Provided material:
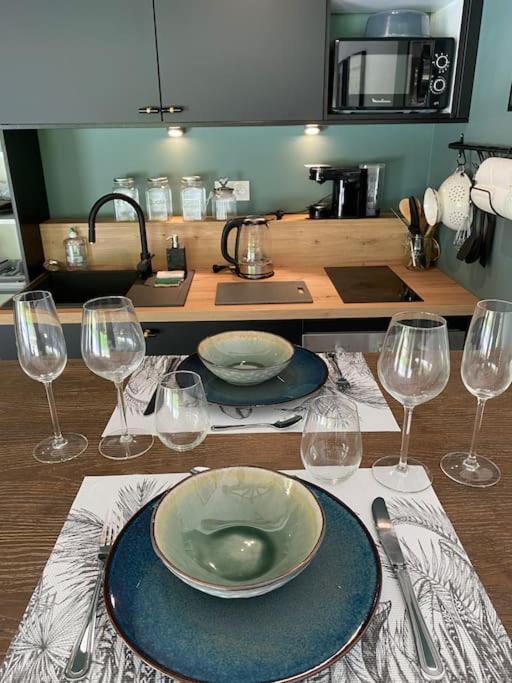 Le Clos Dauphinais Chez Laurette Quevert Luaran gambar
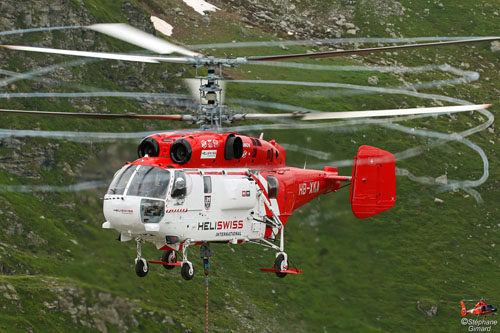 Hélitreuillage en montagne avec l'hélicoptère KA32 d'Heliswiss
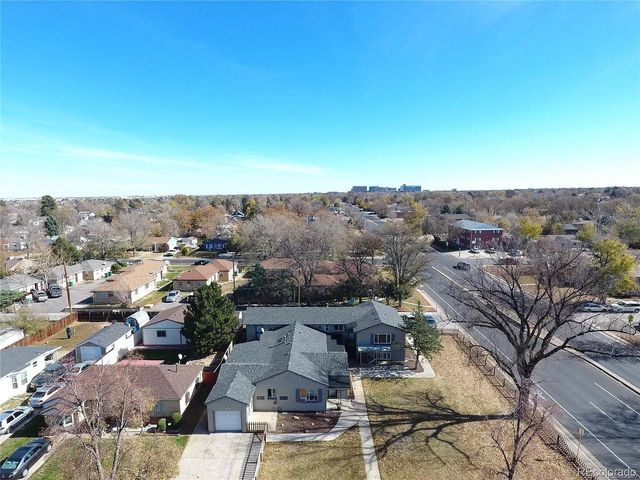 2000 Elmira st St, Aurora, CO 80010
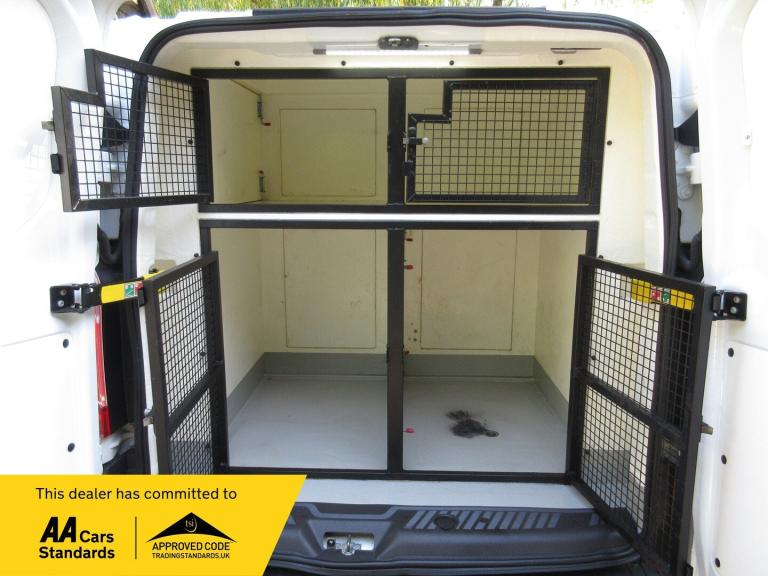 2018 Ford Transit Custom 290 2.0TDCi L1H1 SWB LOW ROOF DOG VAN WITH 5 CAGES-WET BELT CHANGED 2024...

Problem:
Recreate the listing above word for word, dropping each picture it contains.

Exercise solution:
 Le Clos Dauphinais Chez Laurette Quevert Luaran gambar
 Hélitreuillage en montagne avec l'hélicoptère KA32 d'Heliswiss
 2000 Elmira st St, Aurora, CO 80010
 2018 Ford Transit Custom 290 2.0TDCi L1H1 SWB LOW ROOF DOG VAN WITH 5 CAGES-WET BELT CHANGED 2024...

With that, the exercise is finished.